Reputation: 2093
I have the following string:
fo = "b---00b<do:YYYY>tftt_<fd>-<fd><ct><ct:MM>mmm.pdf"
And I only want to get mmm.pdf
.
When I try:
match = re.search(r'(>.*?\.pdf)', fo)
for g in match.groups():
print g
I get:
>tftt_<fd>-<fd><ct><ct:MM>mmm.pdf
I though the ?
symbol will make the search stop at the first >
, but the pattern (>.*\.pdf)
gives me the same result.
Which is the correct regular expression for getting mmm.pdf
?
mmm.pdf
can be abcs.pdf
, qwerty123.pdf
, etc. And fo
always have the format:
fo = "someOptionalstring<otherstring>anotherOptionalString<string>optionalstring<string>mmm.pdf"

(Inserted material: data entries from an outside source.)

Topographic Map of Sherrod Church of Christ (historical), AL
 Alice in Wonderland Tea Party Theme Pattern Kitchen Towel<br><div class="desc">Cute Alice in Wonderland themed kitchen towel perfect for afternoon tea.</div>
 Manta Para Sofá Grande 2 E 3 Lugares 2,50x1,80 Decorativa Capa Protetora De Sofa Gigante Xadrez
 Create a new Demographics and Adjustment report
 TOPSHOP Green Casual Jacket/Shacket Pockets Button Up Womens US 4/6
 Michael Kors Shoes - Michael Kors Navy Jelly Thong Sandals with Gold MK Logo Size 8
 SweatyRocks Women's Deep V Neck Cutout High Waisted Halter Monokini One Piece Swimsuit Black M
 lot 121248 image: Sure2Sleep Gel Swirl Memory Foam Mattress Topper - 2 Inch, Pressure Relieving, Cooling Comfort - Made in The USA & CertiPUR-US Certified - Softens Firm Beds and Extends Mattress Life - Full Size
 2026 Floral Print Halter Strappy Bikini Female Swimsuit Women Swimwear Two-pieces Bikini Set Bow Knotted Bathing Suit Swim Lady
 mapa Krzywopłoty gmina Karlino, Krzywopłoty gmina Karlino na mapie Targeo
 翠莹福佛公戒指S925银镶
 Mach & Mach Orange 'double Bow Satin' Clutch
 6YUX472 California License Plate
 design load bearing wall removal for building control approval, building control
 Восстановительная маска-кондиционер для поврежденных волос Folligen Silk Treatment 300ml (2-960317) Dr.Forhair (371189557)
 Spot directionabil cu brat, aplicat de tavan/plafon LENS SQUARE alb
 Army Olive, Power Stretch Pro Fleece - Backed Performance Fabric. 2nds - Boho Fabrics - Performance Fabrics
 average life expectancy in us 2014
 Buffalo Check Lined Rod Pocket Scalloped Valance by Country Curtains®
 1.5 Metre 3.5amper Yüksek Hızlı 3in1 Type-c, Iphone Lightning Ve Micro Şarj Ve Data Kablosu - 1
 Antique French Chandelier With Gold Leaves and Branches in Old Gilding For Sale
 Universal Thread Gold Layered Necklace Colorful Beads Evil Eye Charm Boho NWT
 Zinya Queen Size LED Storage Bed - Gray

The alternation between strings
(can be empty) and <strings>
(not empty) can be in any amount. I could find regular expressions to extract these values, but not the desired string at the end.
I could use an algorithm using endswith()
and looking for the last >
character, but I want to try regular expressions for learning purposes.
Upvotes: 0
Views: 79
Reputation: 73
This also works if there is always 3 characters preceding dot. match=re.search('>(.{3}\.pdf)',fo)
Upvotes: 0
Reputation: 91385
Use [^>]*\.pdf
instead:
where [^>]*
means 0 or more any character that is not >
fo = "b---00b<do:YYYY>tftt_<fd>-<fd><ct><ct:MM>mmm.pdf"
match = re.search(r'([^>]*\.pdf)', fo)
for g in match.groups():
print g
Output:
mmm.pdf
Upvotes: 2